# 2012 Flux SF45 pics



## Qball (Jun 22, 2010)

11-12 Flux catalog

:+: ???? :+: ???? - Flux


----------



## B.Gilly (Jul 23, 2008)

Nice find. Guess I should share the video I found on them from boardinsiders.


----------



## 51Fifty (Feb 3, 2011)

Thanks for the catalog and video..can't wait to get a pair...will complete my new setup for 2011-2012:thumbsup:


----------



## Miguel Sanchez (Dec 25, 2010)

51Fifty said:


> ..can't wait to get a pair...


Werd, I can't wait to pick up a pair for my BSOD. I have Force's on it right now and need something stiffer, much stiffer & with moar comfy straps. I would do deplorable things for a pair of '11 DMCC's since Flux went all Liberace on them for next year.
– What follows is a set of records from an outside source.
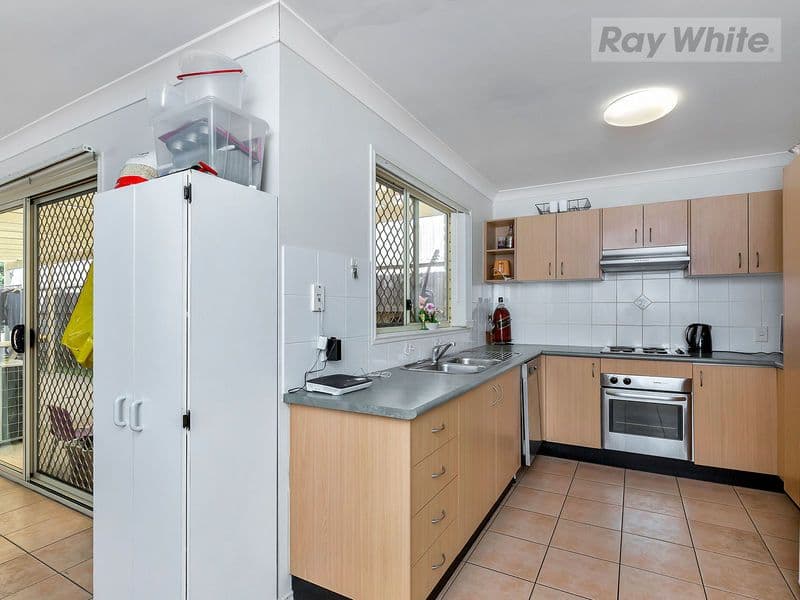 8 Moselle Street, Springfield QLD 4300, Springfield - Thumbnail 7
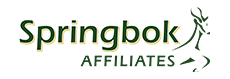 Springbok Casino logo
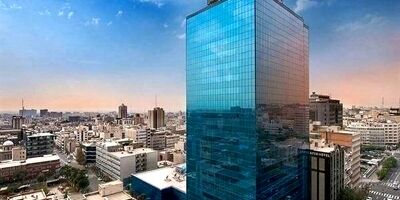 فروش ارز مسافرتی برای مسافرت های هوایی در بانک ملت
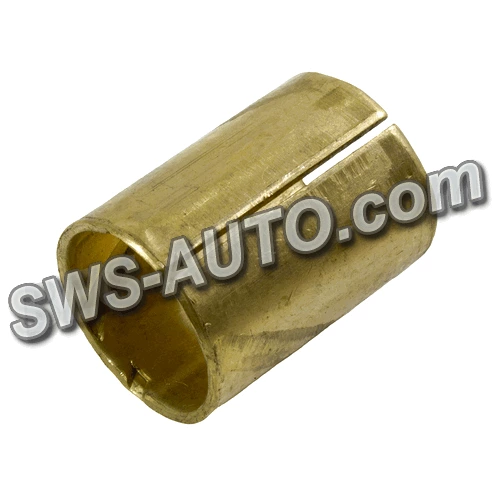 втулка шворнів Газель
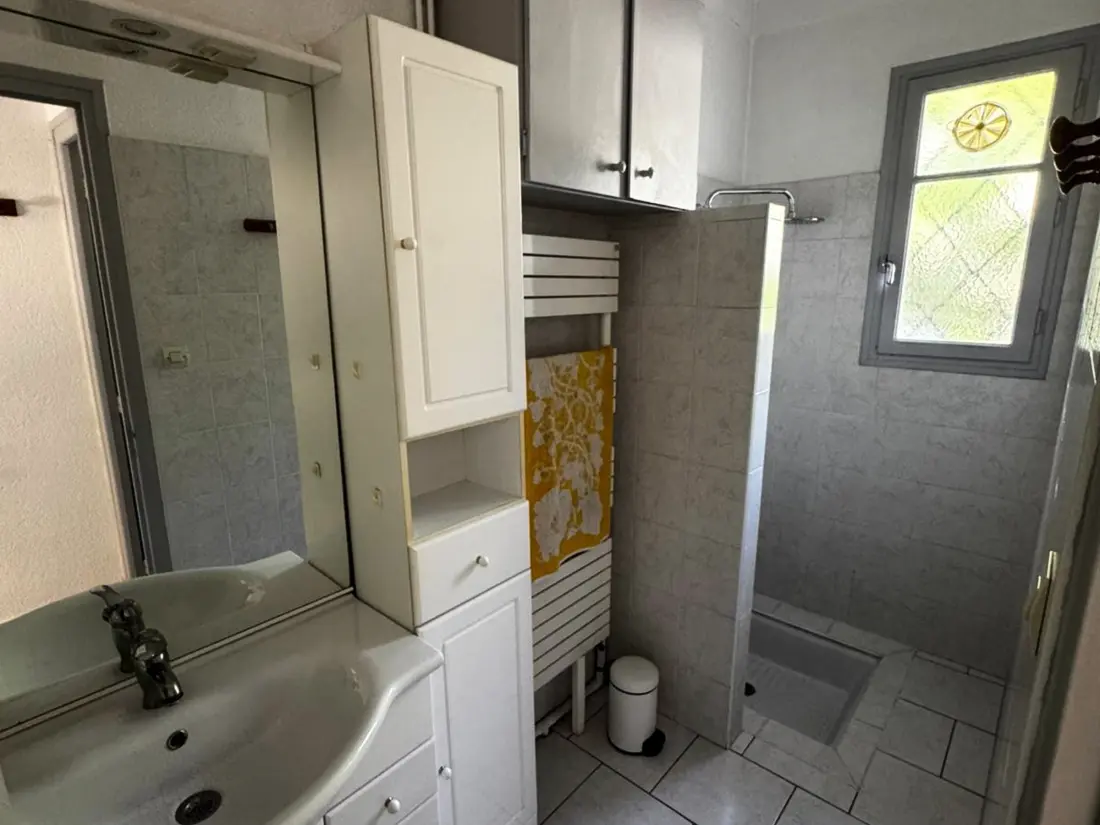 Maison de Vacances Argelès-sur-Mer 623
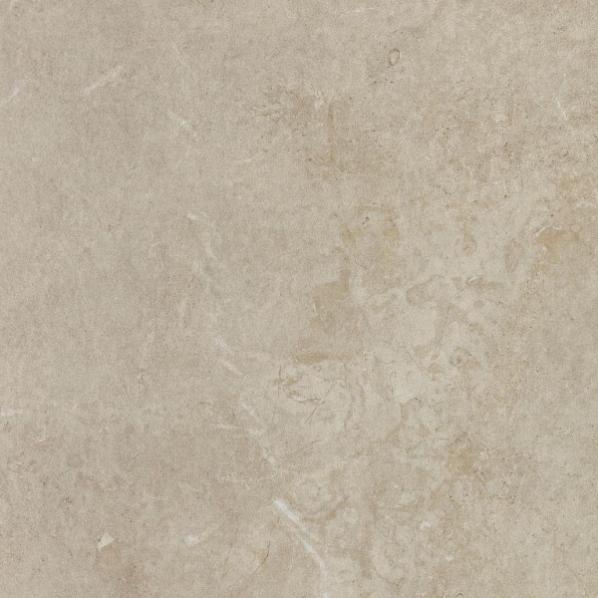 GeoCeramica® 80x80x4 Baltico Beige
YouTube - flux11-12 sf45.mp4


----------



## 51Fifty (Feb 3, 2011)

I don't understand all the crazy color schemes these days, gets kind of annoying. I'm one to put functionality above fashion when I make decisions but sometimes it can't be ignored. But I do have to say....I think the black checkers will look cool against the carbonium topsheet on my NS Heritage.


----------



## fattrav (Feb 21, 2009)

51Fifty said:


> I don't understand all the crazy color schemes these days, gets kind of annoying. I'm one to put functionality above fashion when I make decisions but sometimes it can't be ignored. But I do have to say....I think the black checkers will look cool against the carbonium topsheet on my NS Heritage.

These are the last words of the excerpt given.